Where brands would do just about anything to get in your face and grab your attention no matter how brash or elaborate, any goodwill they once had with consumers is in danger of being burnt through. Reaching for the opposite approach, debranding is a way to distance the brand from the soulless sales-obsessed, trying too hard corporate image that consumers often see them as. A more authentic and minimalist route to take, debranding often sees brand elements flattened (if not removed in their entirety), colours reduced to become more subtle, whilst white space and breathing room are increased to give a more spacious and atmospheric feel, allowing for a clean break from prior iterations and offering a breath of fresh air for fatigued audiences. Whilst risking appearing generic, debranding shows corporations shying away from the stand-out recognisable symbols that many have become. As a result, often only the biggest and most iconic brands can get away with a complete strip-down to trim off some of the stodginess that is often attached to their larger-than-life image and histories.

Examples of ‘Debranding’ & Simplified Logos

Why are Brands ‘Debranding’ and Simplifying Logo’s

Trust

The bottom line for many organisations is that consumer trust in their favourite brands isn’t quite what it once was. Trust is down whilst cynicism towards corporate culture has rocketed. As a result of the obtrusive and overwhelming nature of modern marketing, and the fact that there are very few safe spaces to get away from the flurry of ads we are all subjected to on the daily, consumers are no longer as susceptible to a brand’s selling tactics. Even the most ‘bulletproof’ of brands have felt desperate to regain the public’s trust and earn back some credibility.
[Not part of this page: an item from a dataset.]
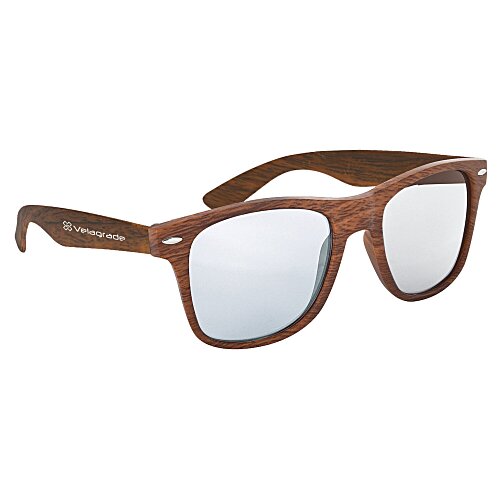 Blue Light Blocking Glasses - Wood Grain Main Image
Colossal corporations and behemoth brands understand many consumers have turned away from faceless corporate structures, opting to shop locally and independently instead. The ideal response to this shift, debranding allows brands to appear more authentic and dependable, taking away some of the bite and wariness that has grown towards big corporate branding.

More than a Logo

Before a brand flourishes, it will often do what it can to get noticed and seen so it can grow but as time goes on and they become more established, everything that made them great and got them their initial, committed and loyal audience can also hold them back. The rashness or idiosyncrasies that made the brand what it was can be limiting when the brand wants to move forward and target new markets for a broader appeal. Taking the bold step of debranding or tinkering with your brand elements and changing the formula that has brought you success, and doing it with confidence too, is a powerful move that not any old brand has the authority to do. Ditching what has brought you success and breaking free from the shackles your previous brand was limiting you to (no matter how well-known or iconic it was) has the potential to elevate the largest brands even further, adding an impactful level of prestige to their marketing approach. Sometimes, less is more. By letting your reputation and awareness speak for itself, without the logo and design that everyone has come to know, your brand exudes a confidence and control very few can afford. Your brand can become more than its logo.

Mobile-First Design

Where once brands wanted logos to be as big as possible to stand out on shop shelves and print ads, now the challenge is for brands to shrink and strip everything down into a digital box that fits perfectly on phone screens and digital platforms. So, a return to a more 2D format is what many are striving towards. Whether through a digital watch or app icon, creating a logo – and a brand – that is so recognisable and distinct that it only needs a fraction of the pixels it once did is the end goal for any brand manager.